The company confirmed that its subsidiary, Tullow Overseas Holdings BV, has struck the new agreement with Auron Energy E&P Limited, the Gulf Energy affiliate that bought Tullow’s Kenyan assets last year, with payment expected no later than July 17, 2026.
What Tullow Is Giving Up
Under the new arrangement, Tullow walks away from two rights it held onto when it first sold its Kenyan business. The company will terminate its claim to ongoing Kenyan royalty payments and give up its back in right with Gulf Energy, an option that would have let Tullow take a 30 percent stake in any future development phases at no cost. In exchange, Auron Energy will pay the extra 9 million dollars on top of what Tullow already stood to collect.
Chief Executive Officer Ian Perks framed the move as part of a broader push to unlock value and shore up the balance sheet. He said accelerating the 9 million dollar payment secures near term cash while simplifying the company’s remaining portfolio, and pointed to it as evidence of continued momentum in delivering against strategic priorities.
How the Original Kenya Deal Was Structured
To understand why this update matters, it helps to revisit the original sale. Tullow agreed in July 2025 to hand its entire Kenyan business, held through Tullow Kenya BV, to Auron Energy for a minimum cash consideration of 120 million dollars, marking the British explorer’s full exit from a country where it had drilled since 2010. The company completed that sale in September 2025 after clearing regulatory approval from the Competition Authority of Kenya and separating Tullow Kenya from the wider group.
The payment structure split the 120 million dollars into three tranches. Tranche A, worth 40 million dollars, landed on completion in September 2025. Tranche B, another 40 million dollars, arrived in March 2026 once the Field Development Plan gained approval. Tranche C, the final 40 million dollars, remains untouched by this week’s announcement and stays on the books, payable no later than June 30, 2033.
Tranche C Still Hinges on Oil Prices
That last tranche comes with conditions attached. Quarterly payments of 2 million dollars begin in the third quarter of 2028, but only if Dated Brent oil prices average at least 65 dollars a barrel during the preceding quarter. If the full 40 million dollars has not landed by the June 2033 deadline, Auron Energy must pay whatever remains outstanding as a single lump sum, regardless of where oil prices sit at that point.
Beyond Tranche C, Tullow had also retained a royalty stream worth 0.5 dollars per barrel, calculated against 80 percent of production, along with the option to buy back into future development.
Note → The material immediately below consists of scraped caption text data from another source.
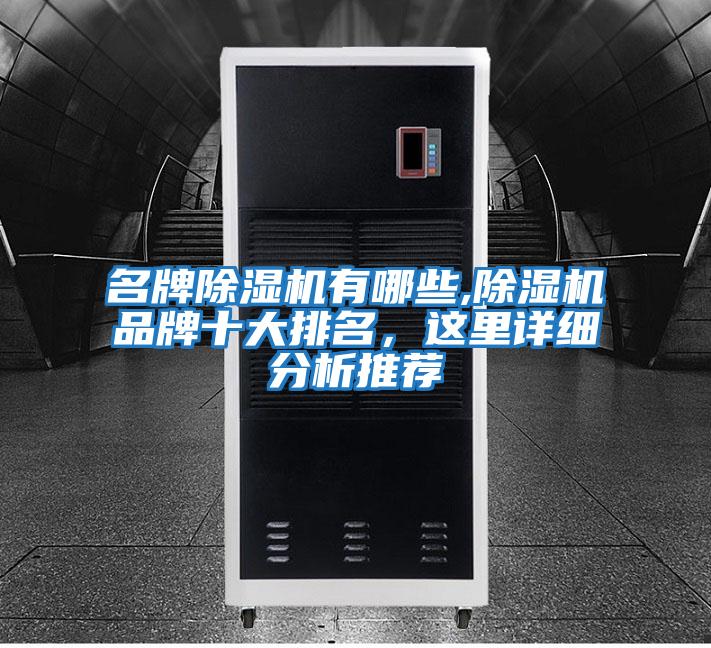 名牌除濕機有哪些,除濕機品牌十大排名，這里詳細分析推薦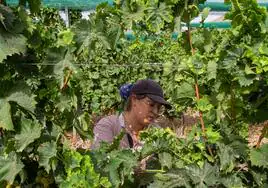 Una trabajadora recoge uva durante una jornada de vendimia adelantada.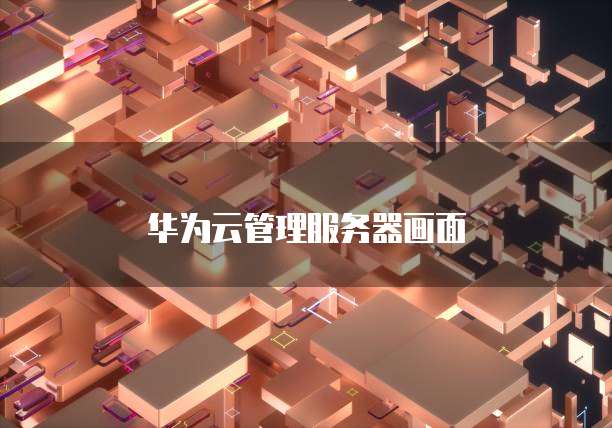 华为云管理服务器画面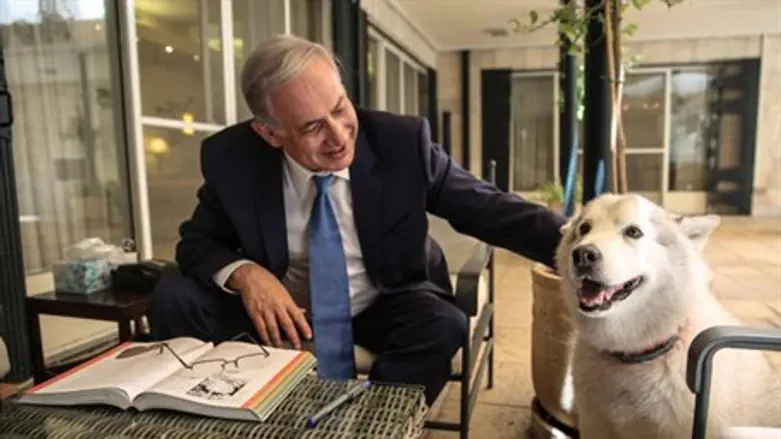 Нетаньяху и Кая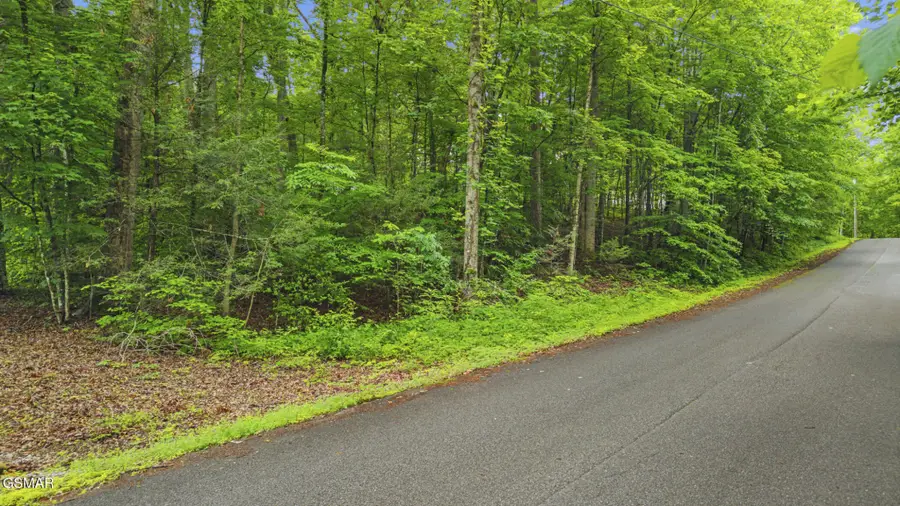 0 Peach Tree Street, Sevierville, TN 37862 - #2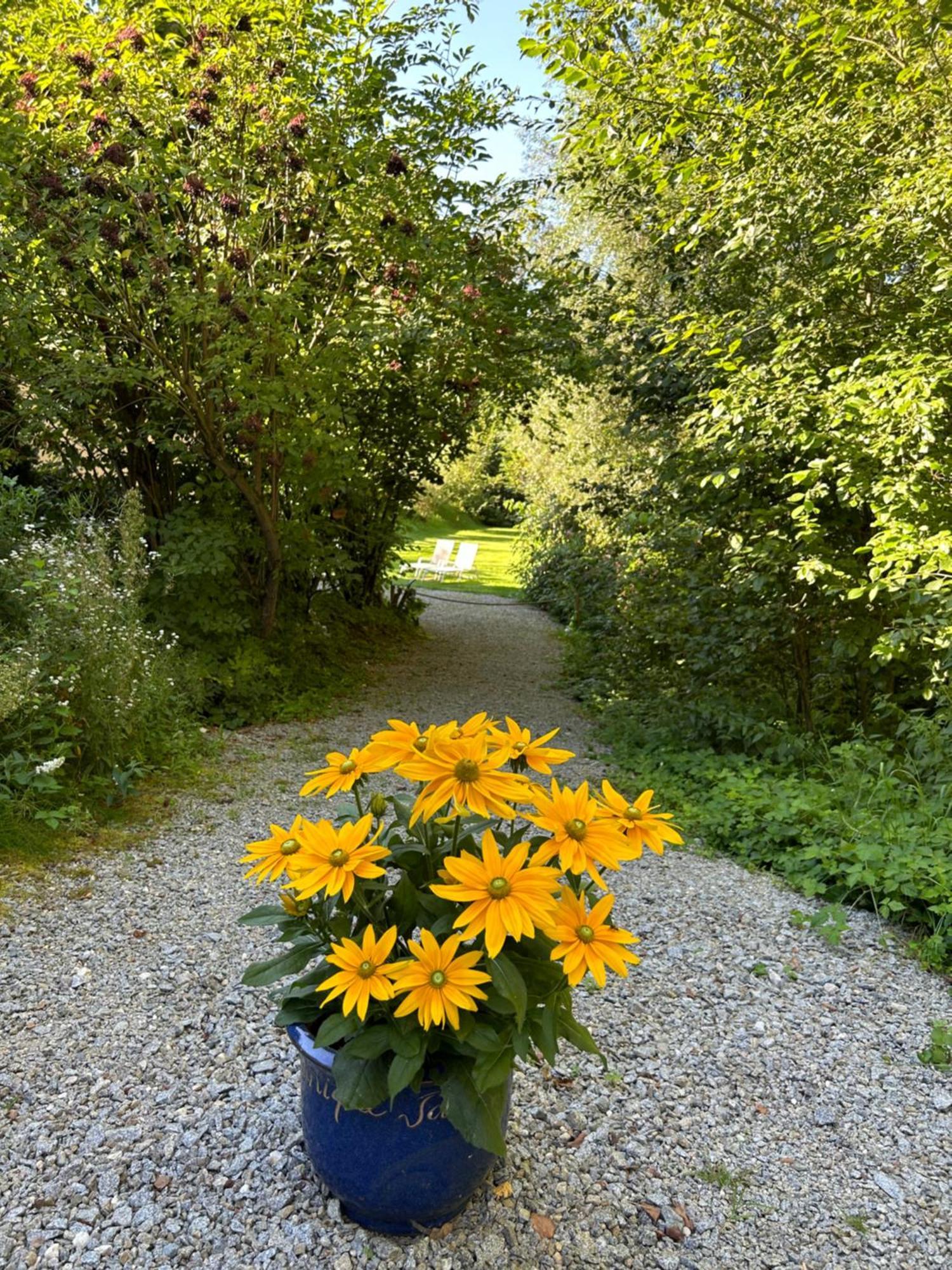 Am Wildbach Bei Passau Apartment Saming Bagian luar foto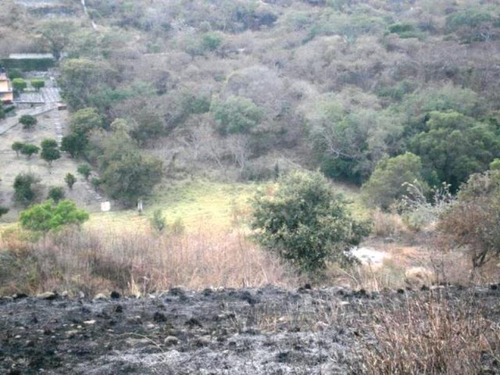 Imagen 15 de 23 de Venta Terreno Xochitepec Morelos Valle Dorado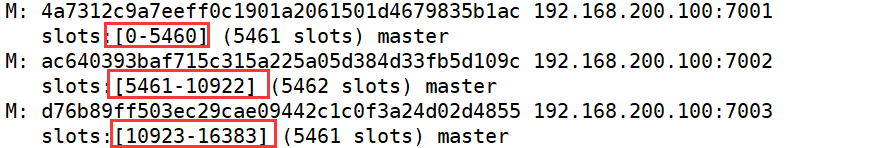 image-20240729162643490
This week’s transaction closes out both of those claims permanently, trading long term upside tied to Kenyan oil output for money in hand today.
A Pattern of Trimming Exposure for Cash
Tullow’s decision to cash out early on these residual rights fits a broader pattern the company has followed since exiting Kenya. The Kenya sale ran alongside a separate 307 million dollar disposal of its Gabon business in 2025, part of a wider effort to cut debt and focus resources on higher margin West African production.
Giving up a royalty stream and a back in option might look like leaving money on the table, but for a company prioritizing balance sheet strength over speculative future upside, a guaranteed 9 million dollars today carries more weight than a conditional claim on Kenyan oil that depends on both future exploration success and Brent prices holding above 65 dollars a barrel. Proceeds from the transaction will go toward strengthening Tullow’s balance sheet, with completion and receipt of funds expected by July 17, 2026.